Jess

"One nation, under God:" Religious discrimination or a nice thing to say during the pledge of allegience?

 

Commie Bastards, the Great Clock-Winder, and Grains of Salt.

Several months ago, before all of the “under God” controversy started, my conservative Christian, Vietnam veteran father recited the pledge of allegiance as follows: “I pledge allegiance to the flag of the United States of America, and to the republic for which it stands, one nation, indivisible, with liberty and justice for all.” For a while I was puzzled about the “under God” omission. It certainly wasn’t intentional or politically motivated. Then, it dawned on me: He was just reciting the pledge the way he had originally learned it.

With the bombing of Pearl Harbor and US involvement in World War II, the pledge became a classroom staple to show support of our country in the war effort. About a decade later, with the Axis powers soundly defeated, the US had found a new evil: the commie bastards of the Soviet Union. Partly as a way to even more clearly separate our national values from those of the godless heathen in the Soviet juggernaut, “under God” was inserted into the pledge in 1953. Dad was part of that generation who went through the first couple years of school without being under God.

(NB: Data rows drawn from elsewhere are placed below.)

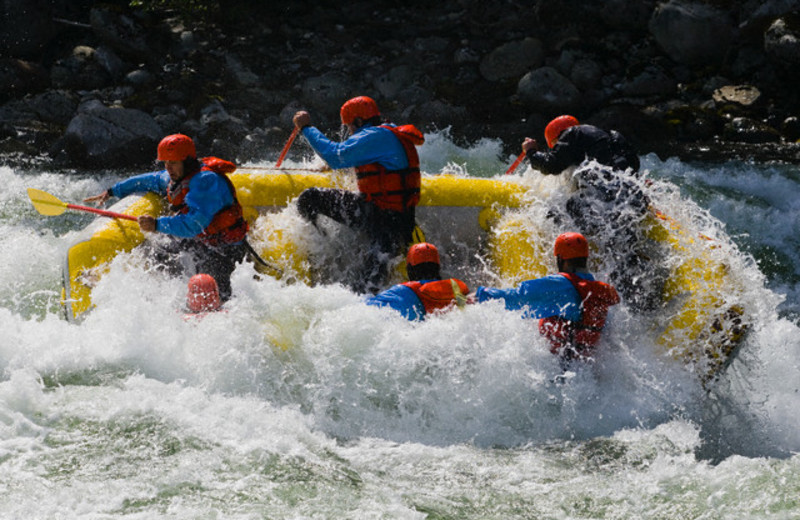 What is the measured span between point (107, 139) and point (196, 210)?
5.24 metres

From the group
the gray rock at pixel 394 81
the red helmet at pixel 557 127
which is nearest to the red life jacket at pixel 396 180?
the red helmet at pixel 557 127

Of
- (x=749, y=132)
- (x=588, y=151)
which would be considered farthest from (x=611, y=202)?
(x=749, y=132)

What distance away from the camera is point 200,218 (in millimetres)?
6203

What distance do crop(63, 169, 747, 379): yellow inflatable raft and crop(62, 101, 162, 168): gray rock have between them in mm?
4113

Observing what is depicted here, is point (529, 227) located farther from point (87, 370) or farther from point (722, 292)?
point (87, 370)

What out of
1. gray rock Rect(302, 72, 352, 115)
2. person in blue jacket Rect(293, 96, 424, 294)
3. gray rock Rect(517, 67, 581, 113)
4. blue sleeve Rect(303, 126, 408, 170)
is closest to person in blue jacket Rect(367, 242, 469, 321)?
person in blue jacket Rect(293, 96, 424, 294)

Beyond whether god should or should not have been inserted, and what motives were involved, the main question is, does it do any harm? Is it a violation of religious freedom? My opinion is no, since the pledge allows for a personal interpretation of what god is, reflects the views of many American’s belief in a higher power, and like, other parts of the pledge, should be taken with a grain of salt.

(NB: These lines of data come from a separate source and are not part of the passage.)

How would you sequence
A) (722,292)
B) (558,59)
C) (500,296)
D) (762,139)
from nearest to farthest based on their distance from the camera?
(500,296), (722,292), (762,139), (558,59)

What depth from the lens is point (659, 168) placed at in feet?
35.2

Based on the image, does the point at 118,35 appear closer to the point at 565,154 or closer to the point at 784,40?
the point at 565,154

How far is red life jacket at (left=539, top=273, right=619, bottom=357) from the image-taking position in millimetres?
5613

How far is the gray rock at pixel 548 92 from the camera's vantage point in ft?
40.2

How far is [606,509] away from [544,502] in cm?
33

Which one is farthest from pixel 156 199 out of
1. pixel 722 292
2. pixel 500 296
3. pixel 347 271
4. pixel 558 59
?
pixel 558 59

God is Buddha, Jesus, Allah, the Great Mother, a UFO, and/or an unknowable higher force. “Under God” no doubt referred to the god of our “Christian heritage” for the lawmakers who inserted it. But they were wrong if they thought their god was the god of our founding fathers, who based our country on the radically new principles of the French Enlightenment. To them, god was reason. The deity of god was a great impersonal clock-winder, who set the world in motion and left mankind to use its own devices, its own reason to make sense of the world. “God” is big enough to encapsulate a lot of concepts; atheists should be encouraged to express their faith by omitting the reference.

Besides the fact that “under God” reflects the typical belief in some sort of higher power or spiritual world, this, and other aspects of the pledge are usually interpreted in sentimental terms, or taken with a grain of salt. I hope that with the debate about civil religion in the pledge, other issues about the pledge will be raised. For example, the nation is not “indivisible;” it already it already has been divided, during that whole North and South thing, and lately during the last election. And speaking of that whole North and South thing, “liberty and justice for all” has not been the norm for most of our nation’s history…Patriotism is good, realizing that its not always the complete truth is better.